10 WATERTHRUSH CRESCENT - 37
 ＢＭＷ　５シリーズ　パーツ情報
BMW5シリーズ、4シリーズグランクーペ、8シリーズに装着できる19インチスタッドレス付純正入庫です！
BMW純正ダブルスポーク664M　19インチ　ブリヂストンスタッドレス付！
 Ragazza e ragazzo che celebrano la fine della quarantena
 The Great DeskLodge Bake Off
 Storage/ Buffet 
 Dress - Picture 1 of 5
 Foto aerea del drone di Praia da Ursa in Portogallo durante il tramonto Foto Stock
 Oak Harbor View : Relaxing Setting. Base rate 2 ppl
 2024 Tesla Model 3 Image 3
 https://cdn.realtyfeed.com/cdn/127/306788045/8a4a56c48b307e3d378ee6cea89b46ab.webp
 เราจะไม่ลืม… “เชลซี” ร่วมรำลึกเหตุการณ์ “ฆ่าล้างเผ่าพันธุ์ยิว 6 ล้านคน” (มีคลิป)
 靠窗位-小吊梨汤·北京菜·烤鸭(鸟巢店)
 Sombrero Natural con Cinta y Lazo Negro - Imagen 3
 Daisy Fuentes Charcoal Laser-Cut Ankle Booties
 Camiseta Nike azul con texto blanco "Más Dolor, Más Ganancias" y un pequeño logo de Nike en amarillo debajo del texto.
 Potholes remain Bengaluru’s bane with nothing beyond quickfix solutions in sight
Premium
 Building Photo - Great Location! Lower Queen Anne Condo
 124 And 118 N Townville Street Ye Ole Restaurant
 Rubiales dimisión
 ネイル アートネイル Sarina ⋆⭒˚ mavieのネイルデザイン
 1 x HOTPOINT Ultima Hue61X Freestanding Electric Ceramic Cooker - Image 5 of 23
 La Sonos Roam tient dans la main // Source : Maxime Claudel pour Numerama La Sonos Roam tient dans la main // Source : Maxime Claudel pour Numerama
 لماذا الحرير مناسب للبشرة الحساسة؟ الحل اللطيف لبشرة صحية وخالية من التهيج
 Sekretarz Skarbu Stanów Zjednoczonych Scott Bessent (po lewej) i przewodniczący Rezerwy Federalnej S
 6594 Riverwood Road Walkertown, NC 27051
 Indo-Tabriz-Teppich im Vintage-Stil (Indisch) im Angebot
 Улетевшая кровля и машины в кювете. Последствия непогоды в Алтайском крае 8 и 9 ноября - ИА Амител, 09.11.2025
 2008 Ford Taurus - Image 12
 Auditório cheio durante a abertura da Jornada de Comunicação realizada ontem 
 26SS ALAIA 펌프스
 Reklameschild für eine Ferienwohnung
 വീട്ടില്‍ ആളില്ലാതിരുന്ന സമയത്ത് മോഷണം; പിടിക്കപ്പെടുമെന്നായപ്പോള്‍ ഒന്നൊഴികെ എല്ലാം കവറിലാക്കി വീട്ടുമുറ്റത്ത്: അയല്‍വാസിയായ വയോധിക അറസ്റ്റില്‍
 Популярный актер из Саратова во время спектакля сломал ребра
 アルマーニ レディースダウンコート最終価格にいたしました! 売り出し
--- --- ---
--- What is being asked ---
Go through the entries and return each line where the word "durante" occurs.

--- Result of this exercise ---
 Foto aerea del drone di Praia da Ursa in Portogallo durante il tramonto Foto Stock
 Auditório cheio durante a abertura da Jornada de Comunicação realizada ontem 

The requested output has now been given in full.